The use of pure iridium to prevent oxidation appears limited to temperatures under 1,000° C because of volatility of the oxide of iridium.

Iridium alloyed with platinum-group metals such as platinum, palladium, or rhodium which have less volatile oxides can be electrodeposited from cyanides and may offer protection to substrates at high temperatures. The hardness of the electrodeposits can also be modified by alloy formation.

Deposits made from aqueous electrolytes either had very low rates of deposition or in the case of the Conn electrolyte were highly stressed and cracked when heavy deposits were made.

Iridium has a melting point of 2,442° C, unusually high resistance to corrosion, and low permeability to oxygen. The metal is very hard and has unusual resistance to a variety of high-melting-point salts; for example, barium titanate, rutile, and the tungstates of calcium, strontium, and barium. Iridium crucibles are widely used in preparing single crystals of these materials for specialized electronic and optical devices. In addition, some alloys of iridium with other platinum-group materials have desirable characteristics; for example, iridium-rhodium alloys have slightly better oxidation resistance than pure iridium and iridium is used as a hardening agent with platinum and palladium and may be used as a diffusion barrier between the refractory metals and a more oxidation-resistant coating.

The Bureau of Mines experimental work was directed toward determining whether thick, adherent, and coherent deposits of iridium could be formed on refractory metal substrates to protect them from oxidation and erosion, and toward clarifying data in the literature involving aqueous electrolytes, with respect to maximum possible thickness of deposits, plating rates, adhesion, and cohesion. Although it was reported that an oxide of iridium volatilizes rapidly at 1,000° C it was felt that some ablation or recession of coating may be acceptable in certain applications. The Bureau also attempted to determine characteristics of the deposits and electrolytes that had not been previously established, and to investigate the formation of iridium alloys. Future reports will include work on electrodeposition of iridium from potassium cyanide, and from a eutectic mixture of sodium cyanide and potassium cyanide in impervious mullite crucibles. Work describing deposition at various temperatures and degrees of bath agitation will be included.

Various methods for depositing iridium have been described in the literature, and these are summarized in the following paragraphs. Only electrolytes made with fused cyanides have yielded thick, adherent, and coherent metallic deposits.

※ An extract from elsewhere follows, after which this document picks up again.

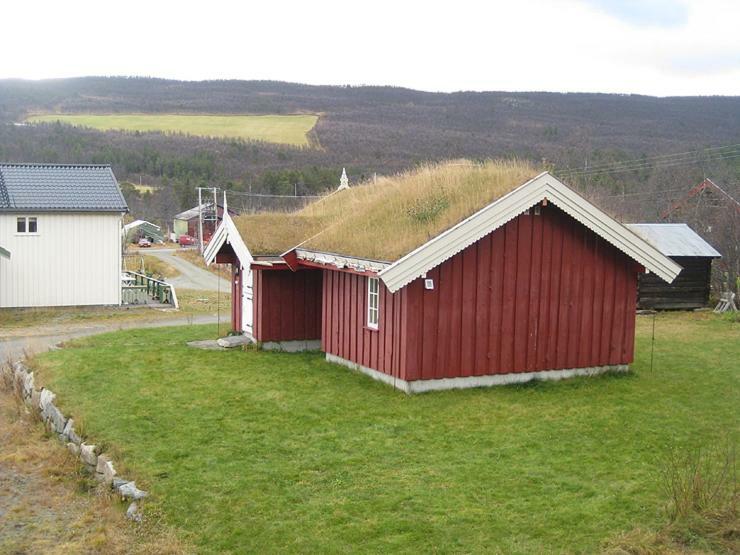 Gamlestugu Hytte Al Bagian luar foto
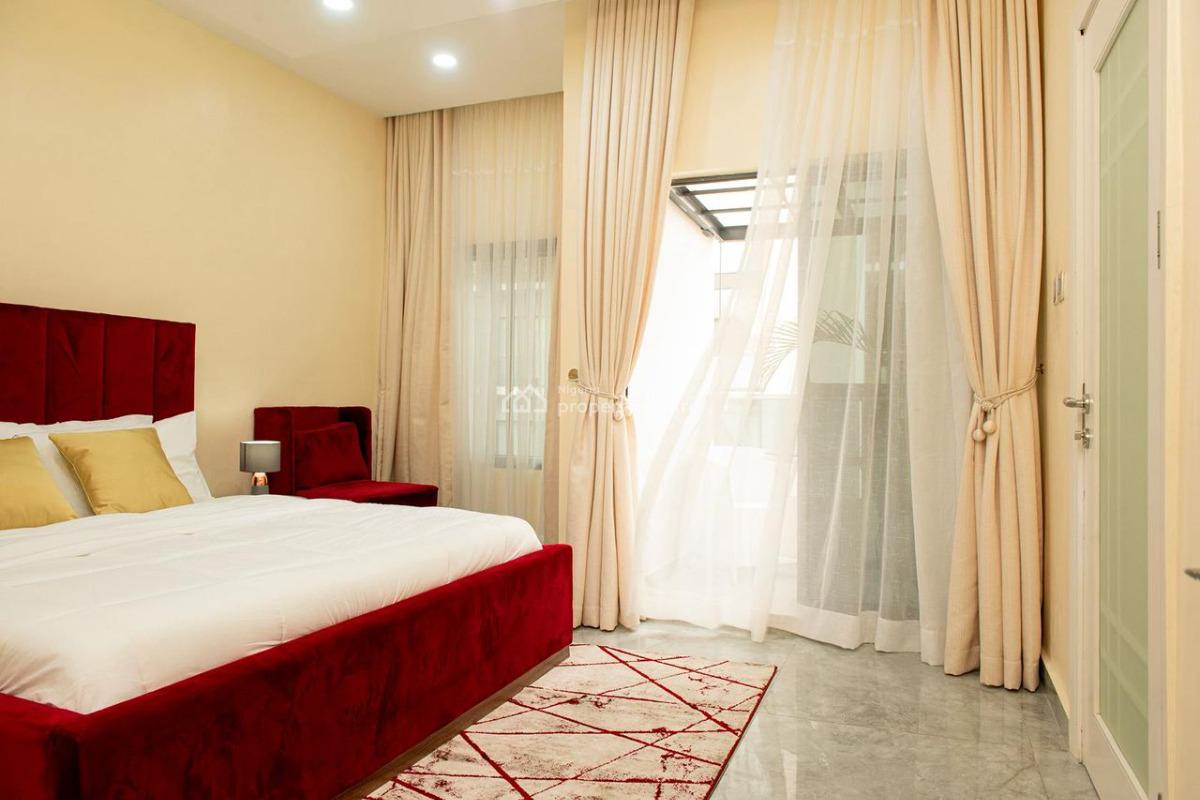 Luxury 4-bedroom Terrace Duplex in a Prestigious Gated Environment, Banana Island Road, Ikoyi, Lagos, Terraced Duplex for Rent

Atkinson states that platinum-group metals can be dissolved in a molten bath containing alkali metal cyanides and that the solution of these metals can be accelerated by anodic treatment. An article can then be coated with an electrodeposited platinum metal by making it the cathode. No description of the character of the deposits or their thickness is supplied. The author suggests the possibility of using anodes of two different platinum metals to deposit an alloy, but no specific examples or illustrations are given.

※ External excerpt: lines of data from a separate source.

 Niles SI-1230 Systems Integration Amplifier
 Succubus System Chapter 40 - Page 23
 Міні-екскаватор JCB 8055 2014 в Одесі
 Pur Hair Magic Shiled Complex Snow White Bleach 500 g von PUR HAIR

Withers and Ritt formed an electrolyte by applying alternating current to iridium electrodes inserted in mixtures of molten sodium and potassium cyanides. Subsequently, deposits 5 mils thick could be deposited on a 0.05-inch copper wire. Molybdenum cathodes prepared for oxidation testing were subjected to 15 pretreatment operations, which included baking at 1,100° C in a hydrogen atmosphere, etching treatments, and preplating with chromium, nickel, and gold. Stainless steel 410 substrates were subjected to 10 pretreatment operations which included preplating with nickel. The investigators indicate that coatings of iridium ½ mil thick offered some protection to molybdenum in air at 1,000° C for 30 minutes, after which the test specimen lost 0.42 mg/cm². Such coatings offered less protection for stainless steel. Cathode current efficiencies up to 100 percent based on iridium (III) were reported. The authors suggested that a thicker iridium coating would probably offer still more protection, but their investigation was limited to obtaining a short-time protection with as thin a coating as possible.

Rhoda formed an iridium cyanide complex using alternating current. Subsequently, he deposited smooth, adherent coatings of iridium at cathode current efficiencies of only 9 to 20 percent. His thickest sound deposits on copper, nickel, and platinum substrates were 3.0 mils.

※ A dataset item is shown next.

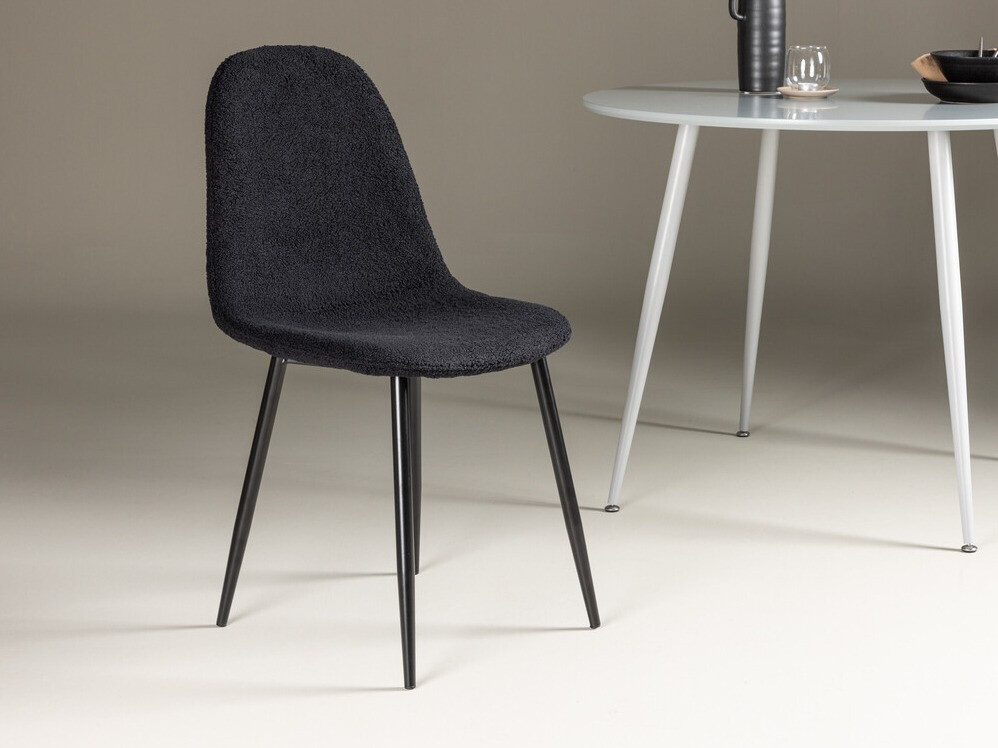 Krēsls Dallas 3820 (Melns)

Ignatova and Vasserman described an aqueous electrolyte which contained 6.1 g/l ammonium chloriridate, 14 g/l ammonium fluoride, 23 ml/l 98 percent sulfuric acid, and 20 ml/l 20 percent sodium hydroxide. The deposition rate is reported to be 0.2 micron per hour. Tyrrell states that the bath slowly decomposes.

An iridium bromide electrolyte is reported to yield iridium deposits up to 10µ, thick at a plating rate of 1.0 µ/h but the limiting thickness for uncracked coatings is 1µ.

MacNamara states that at 60° C an aqueous electrolyte containing chloriridic acid (H2IrCl6) at a metal concentration of 10 g/l yielded an iridium coating having a cathode current efficiency of 14 percent at a current density of 2.2 amp/dm². However, no mention is made of the thickness of the deposit or the rate of deposition. The author reports that his results support the premise that iridium (IV) complexes are necessary for successful deposition from aqueous solution.

Ovenden reports that a dark, gray, coherent deposit of iridium was produced from an aqueous electrolyte containing 10 g/l iridium chloride, 6 g/l ammonium borate, 14 g/l ammonium fluoride, 5 g/l ethanol, and 1 ml/l ammonia. There is no indication of how thick the deposits were. Reid states that this bath furnished only thin deposits at extremely low cathode current efficiencies, and Tyrrell reports the plating rate to be only 0.05 micron per hour.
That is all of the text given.